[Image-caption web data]

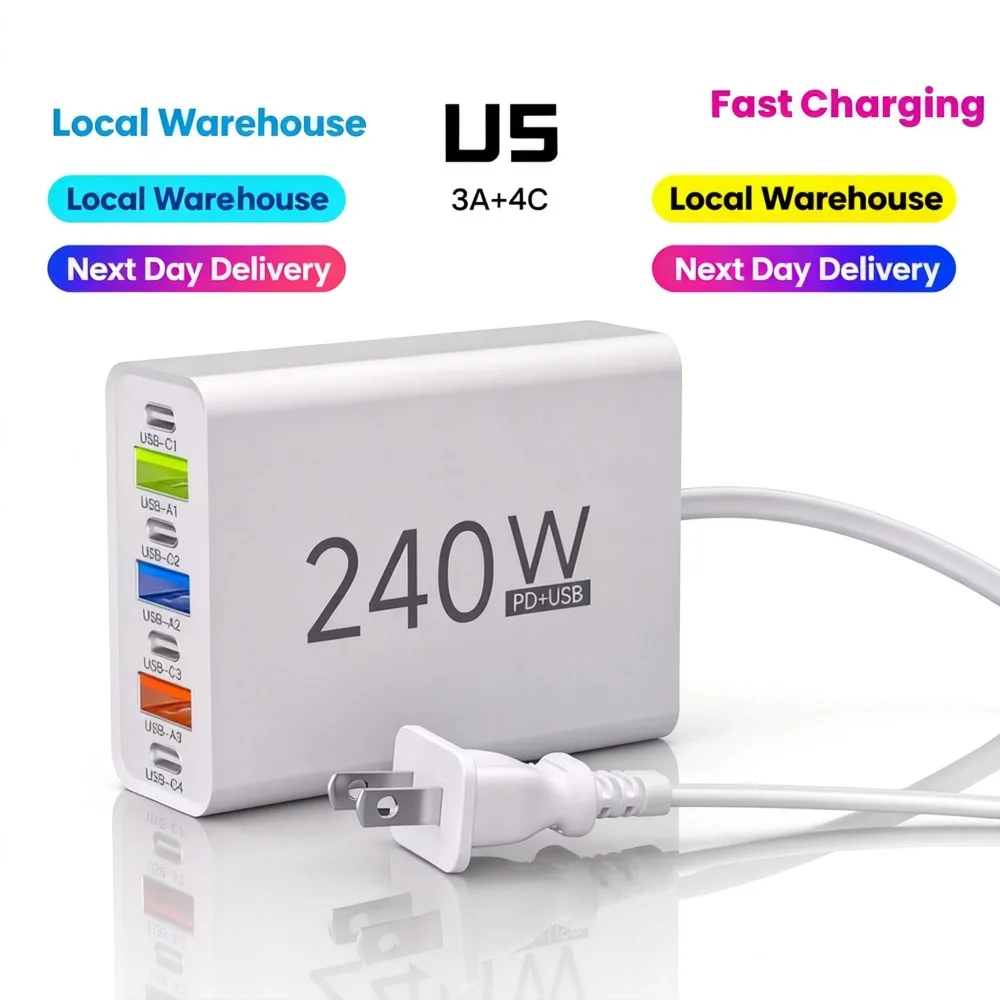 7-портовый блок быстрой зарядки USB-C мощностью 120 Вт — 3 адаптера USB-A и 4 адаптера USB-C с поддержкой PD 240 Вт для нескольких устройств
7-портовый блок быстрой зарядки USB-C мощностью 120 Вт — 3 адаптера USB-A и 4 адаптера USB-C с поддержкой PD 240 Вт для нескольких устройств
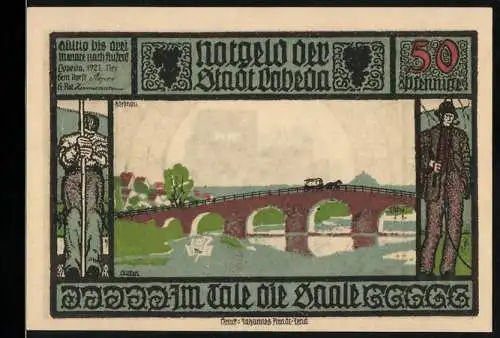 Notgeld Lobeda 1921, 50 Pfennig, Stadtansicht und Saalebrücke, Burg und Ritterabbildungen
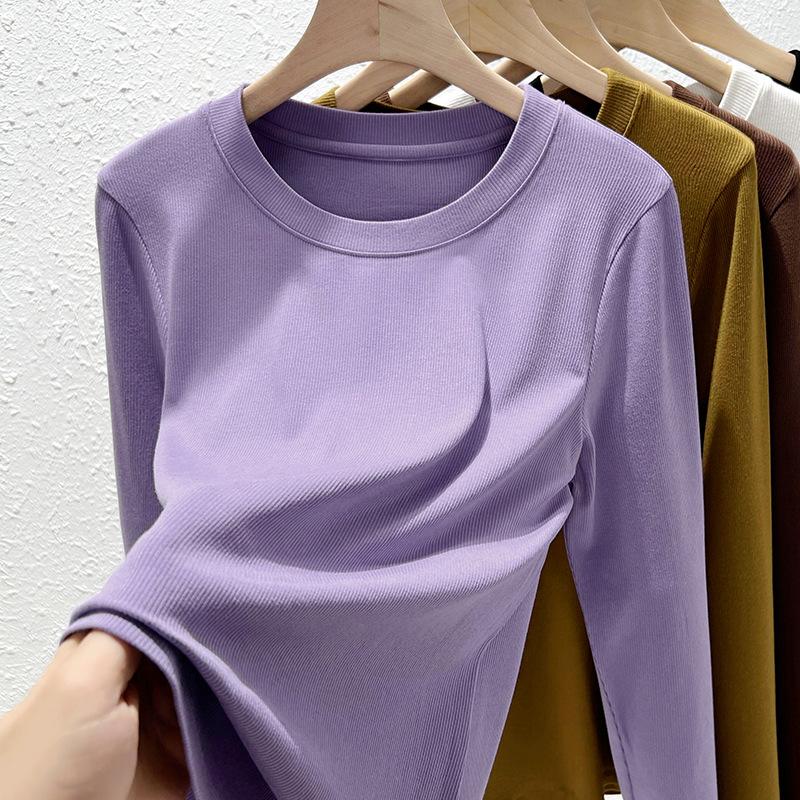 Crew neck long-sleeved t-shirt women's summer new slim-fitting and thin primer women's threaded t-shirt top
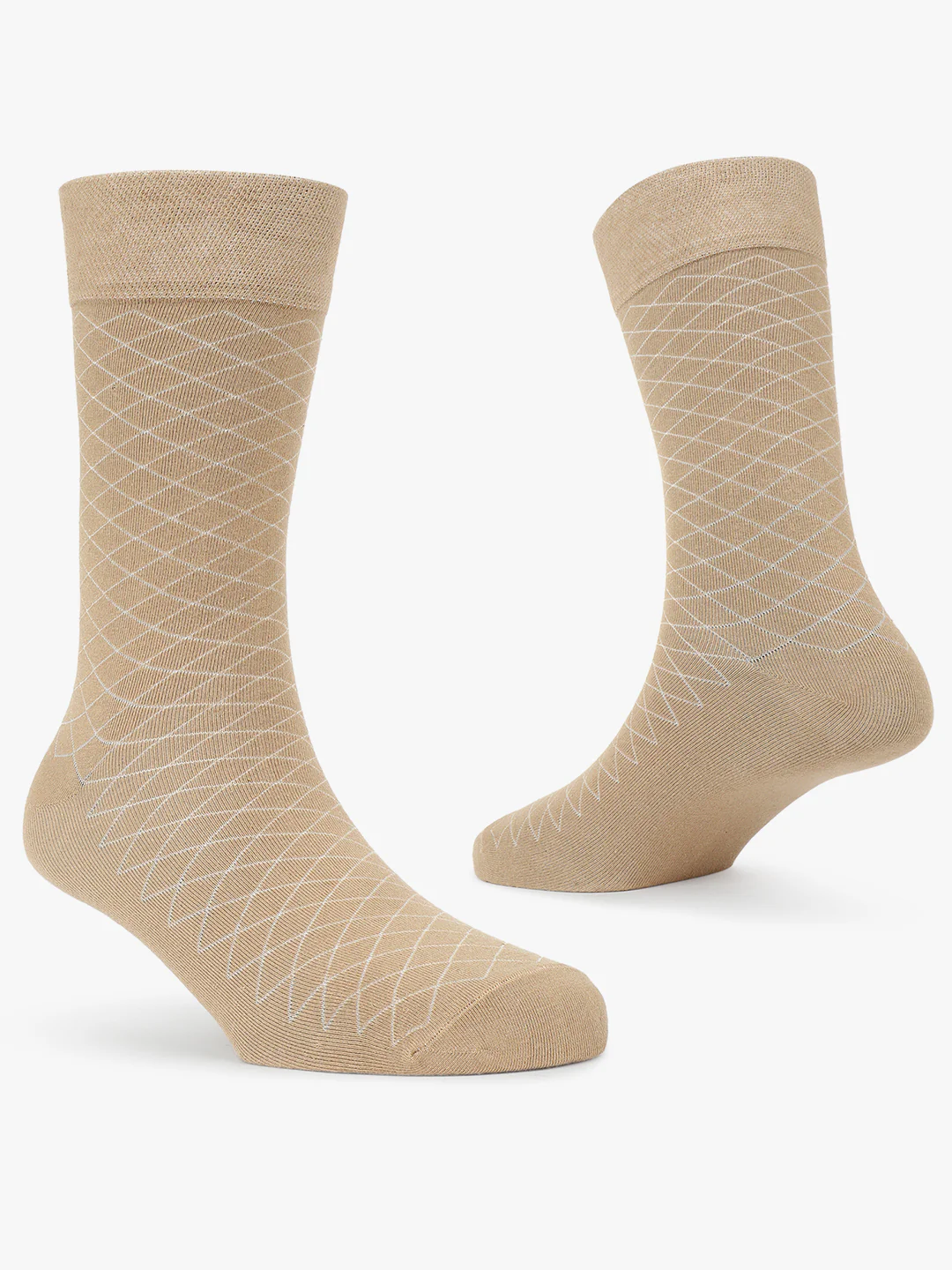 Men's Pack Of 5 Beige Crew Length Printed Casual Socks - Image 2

** TASK STATEMENT **
Give back an exact reproduction of the entries, with all pictures excluded.

** REPLY TO THE TASK **
 7-портовый блок быстрой зарядки USB-C мощностью 120 Вт — 3 адаптера USB-A и 4 адаптера USB-C с поддержкой PD 240 Вт для нескольких устройств
7-портовый блок быстрой зарядки USB-C мощностью 120 Вт — 3 адаптера USB-A и 4 адаптера USB-C с поддержкой PD 240 Вт для нескольких устройств
 Notgeld Lobeda 1921, 50 Pfennig, Stadtansicht und Saalebrücke, Burg und Ritterabbildungen
 Crew neck long-sleeved t-shirt women's summer new slim-fitting and thin primer women's threaded t-shirt top
 Men's Pack Of 5 Beige Crew Length Printed Casual Socks - Image 2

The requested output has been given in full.